草原からの兵火 | 愛しき日々

愛しき日々

田舎暮らしも長くなりました 仕事に地元に自分の世界にいろいろやってます
好きな人、好きなものについて率直に書けたらいいですね

 今日は5日。明日6日で連休はおしまい。

 連休後半は毎年恒例の高校同窓で集って過ごした。いつもよりゆっくりと過ごせた。

 その分、仕事のゴソゴソをしなかったんだけれど。週明けてからがコワイ。

 

 4月に入ってから村上春樹の「ねじまき鳥クロニクル」を再読し始めた。ちょっとしたきっかけ(先月のブログ サナギの時代 1990年代の思い出)があって、冒頭を少し開いたら引き込まれてしまった。読み手をグイグイ引込む力がある小説だ。
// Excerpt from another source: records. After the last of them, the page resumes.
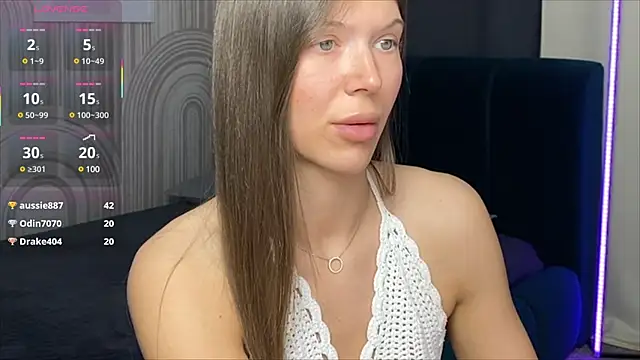 viviann evans online show from March 2025 06:11:02 AM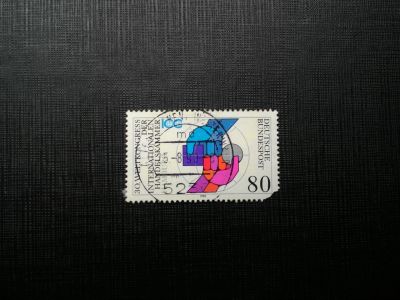 Лот: 14562961. Фото: 1. марка бк 143. Марки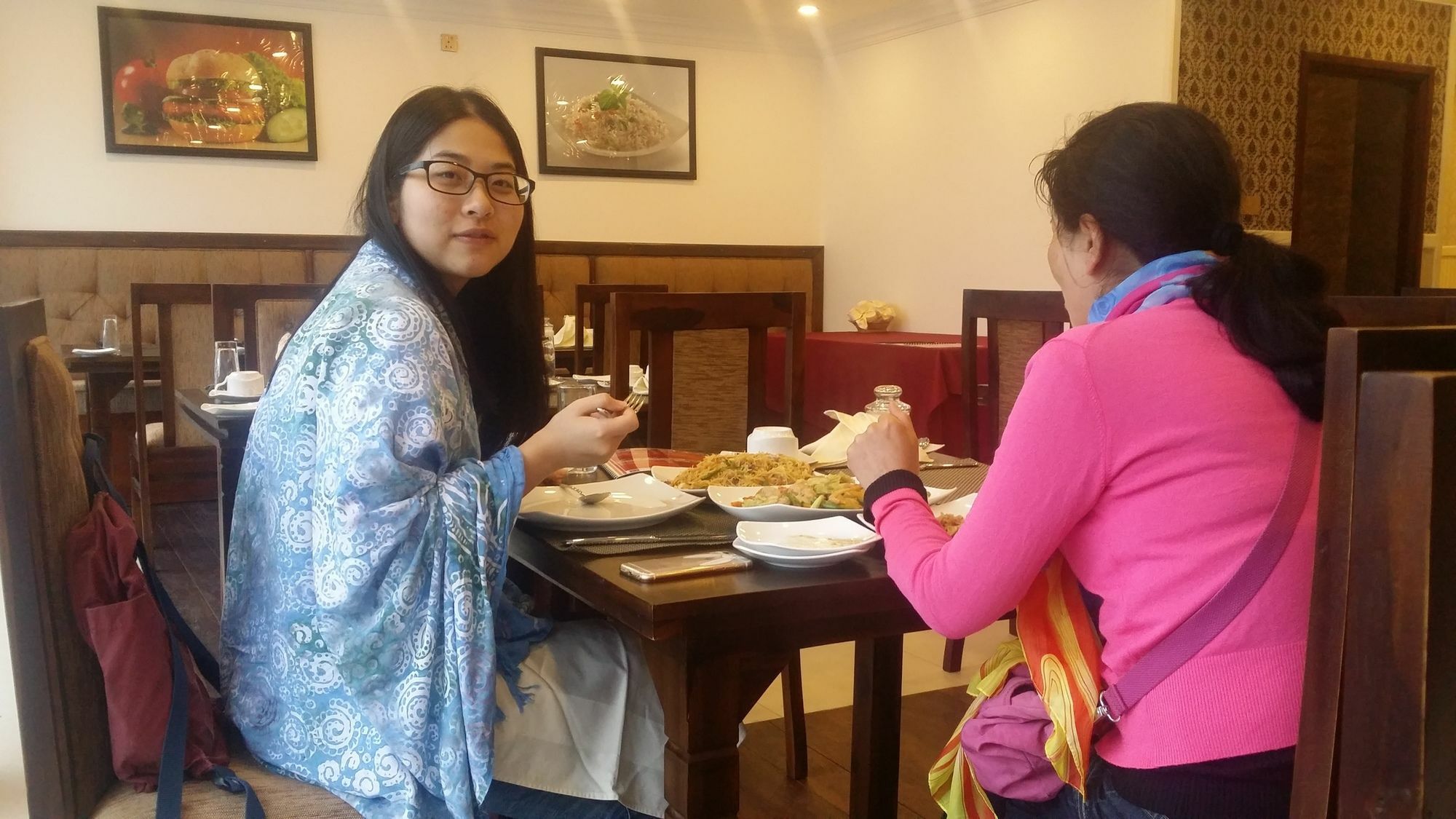 Galaxy Grand Hotel Nuwara Eliya Kültér fotó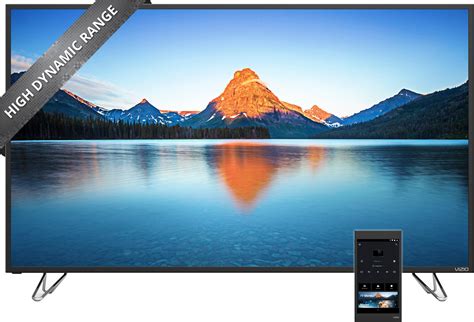 Best Buy Vizio Class Diag Led P Smart K Ultra Hd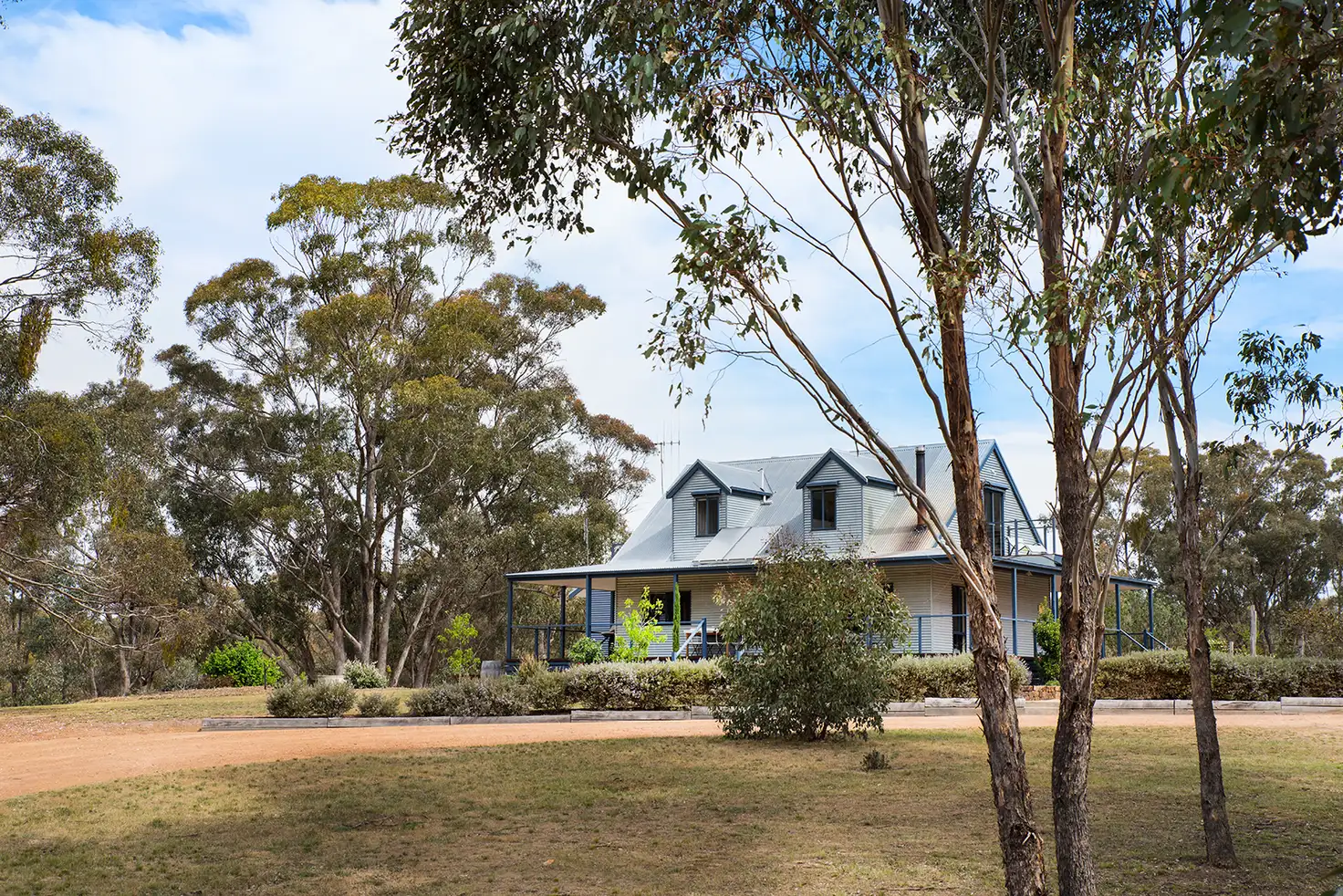 Main view of Homely house listing, 43 Cruits Lane, Muckleford VIC 3451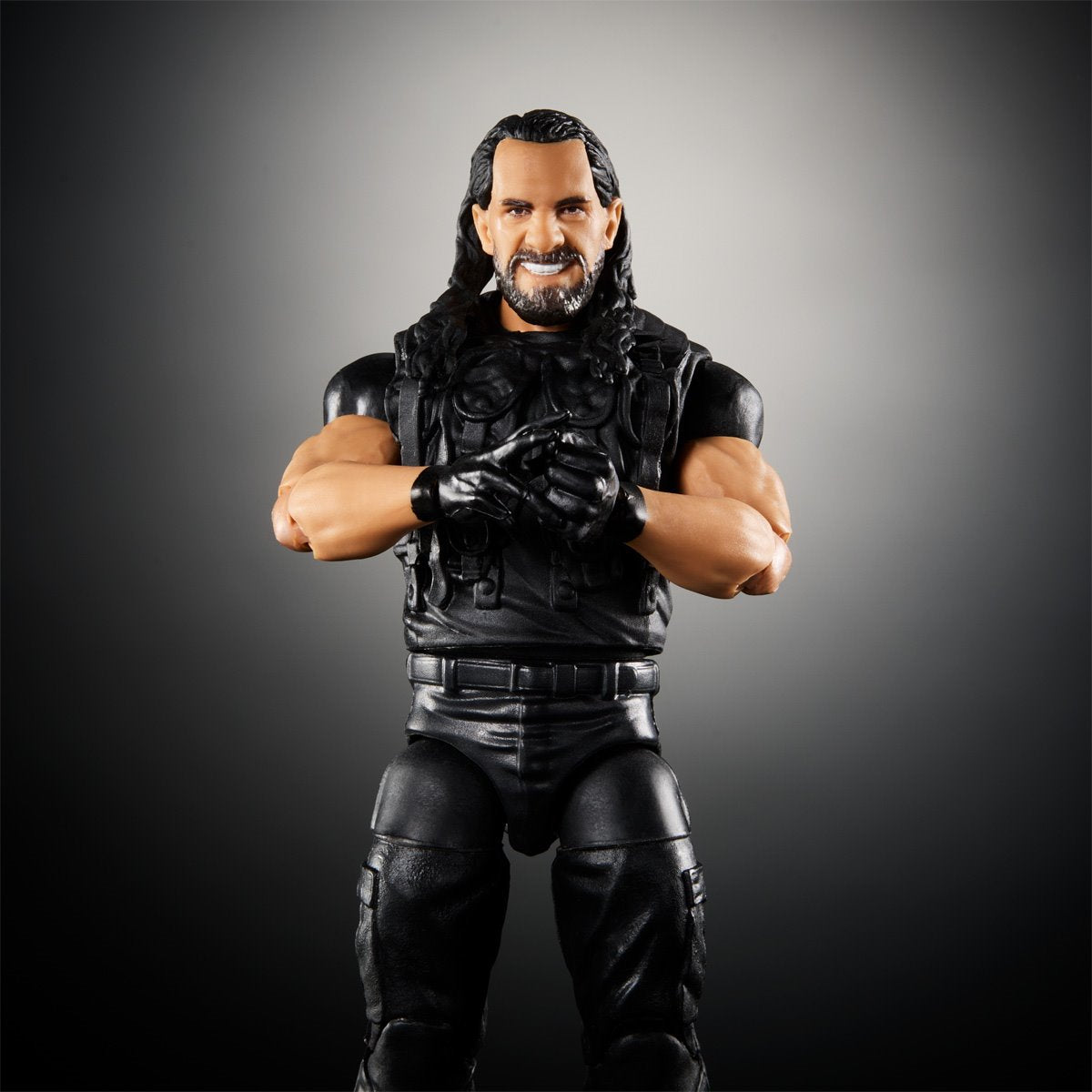 WWE Elite Greatest Hits Series #7 - Seth Rollins (Shield)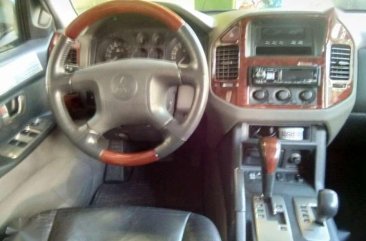 2004 Mitsubishi Pajero for sale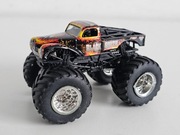 Hot Wheels Monster Jam 1:64 - Black Smith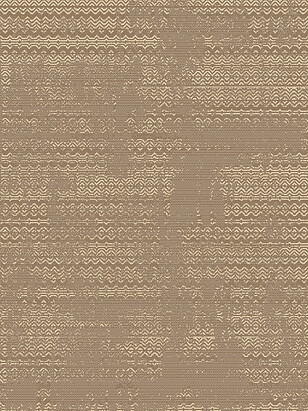 Ковер FLOORLUX 20612 Taupe/Champagne 60*110 238x286 в Материке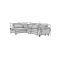 Ecksofa Dino R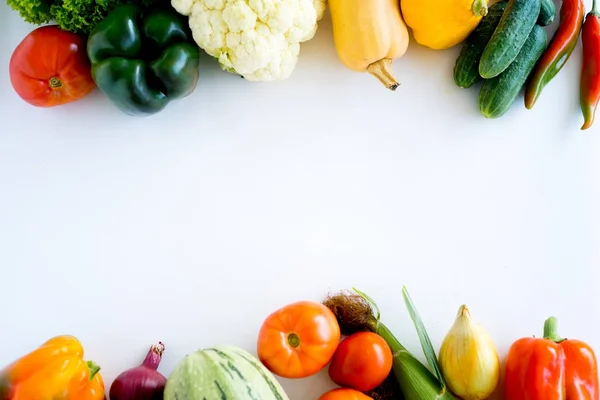 Taze sebze çeşitleri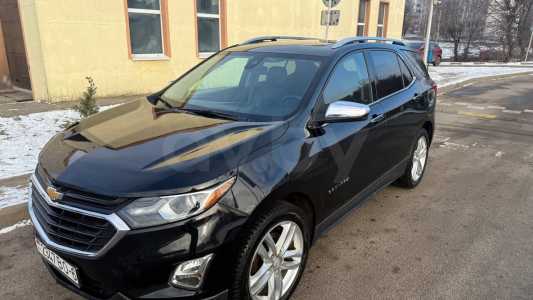 Chevrolet Equinox III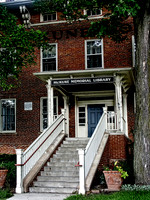 Chelsea, MI-McKune Memorial Library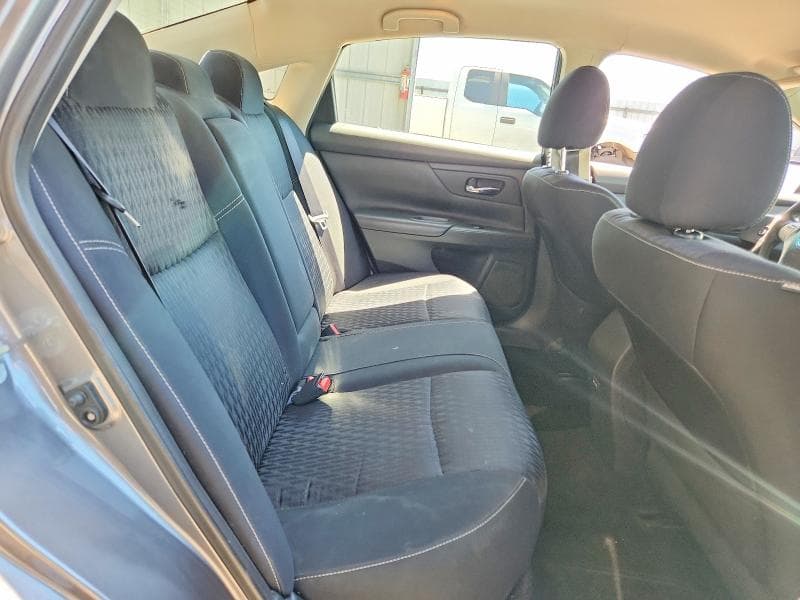 2018 NISSAN ALTIMA 2.5 S 10
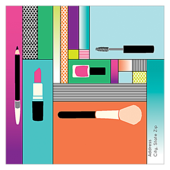 Pop Makeup - ultra-business-cards Maker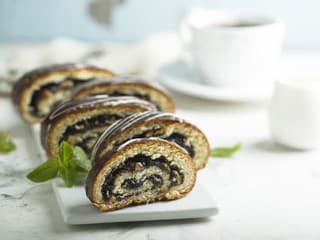 Kakaový závin ako od babičky: Mäkký, voňavý a hotový bez stresu, tento recept si uložte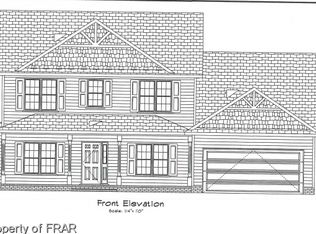 340 Tilden Howington Dr, Lillington, NC 27546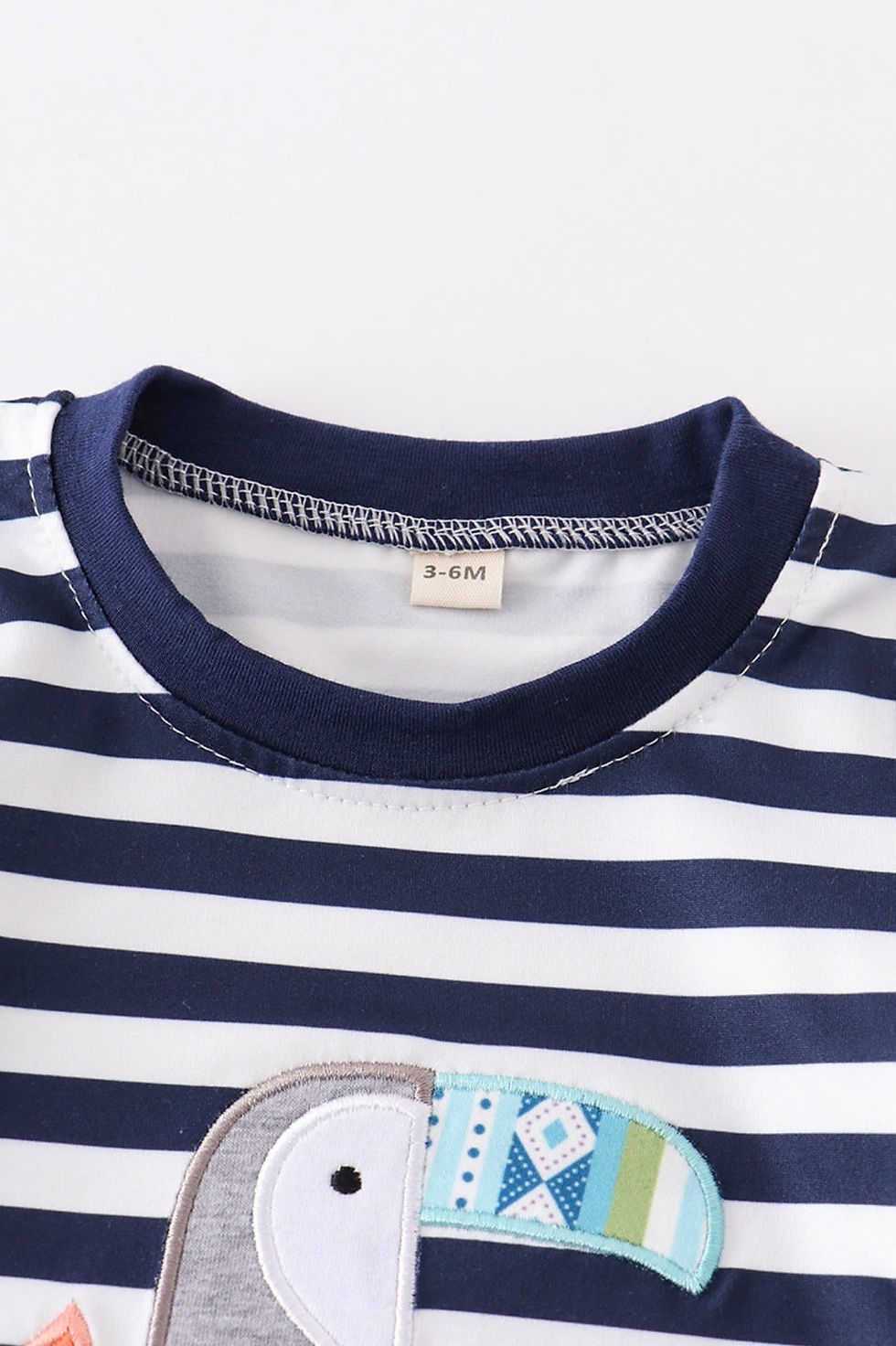 Thumbnail: Sisserous Baby Boy Jumper 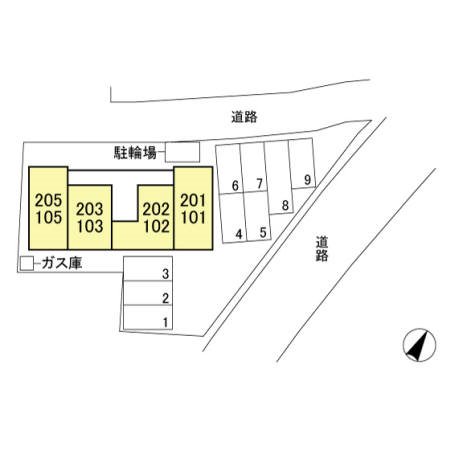 エトワール その他外観1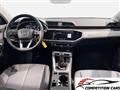 AUDI Q3 SPORTBACK SPB 35TFSI 150cv Virtual Navi Led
 第一部「泥棒かささぎ編」の最後にノモンハン事件当時を伝える長い回想があるが、これを連休中に読むことになった。ここには書かないが、拷問に関する一度読むと忘れられなくなる叙述がある。

 

 日本は当時、満州帝国を擁立(事実上、日本の傀儡だった)していた。ソ連という大国に接し、国境付近で紛争を繰り返していた。地平線上に草原以外何も見えないような場所で。当時の日本兵も何故こんな農地や産業振興に適さないところで戦わなくてはならないのかと思ったことであろう。写真は今も残るソ連軍が作った壕。

 

 南方戦線での日本軍の挫折や原爆投下、国内での空襲などは今でも広く歴史に伝わるが、日中戦争や降伏前のソ連侵攻についてはあまり知られていないことが多い。日中戦争の悲惨さは別の機会にするが、ソ連の満州国への侵攻は80個の師団157万人の兵という用意周到なものであった。ソ連は同時期に樺太と千島列島にも侵攻している。

 2022年からのウクライナへのロシアの侵攻は世界で広く報道され、残虐な行為も行われた。これとおなじようなことが当時、日本人が住んでいた満州国(210万人の日本人が居住していた)で起こったことは、日本人としても知っておきたいところだ。

軍民あわせて24万人がこの侵攻の犠牲となり、57万人はシベリアに送られ、多くの日本人が長い抑留生活で命を落とした。

 

 信じられないチカラで個人を圧殺する、戦争という不条理。世界で火種はくすぶっている。近い将来、日本も戦争に巻き込まれる可能性があることは心したい。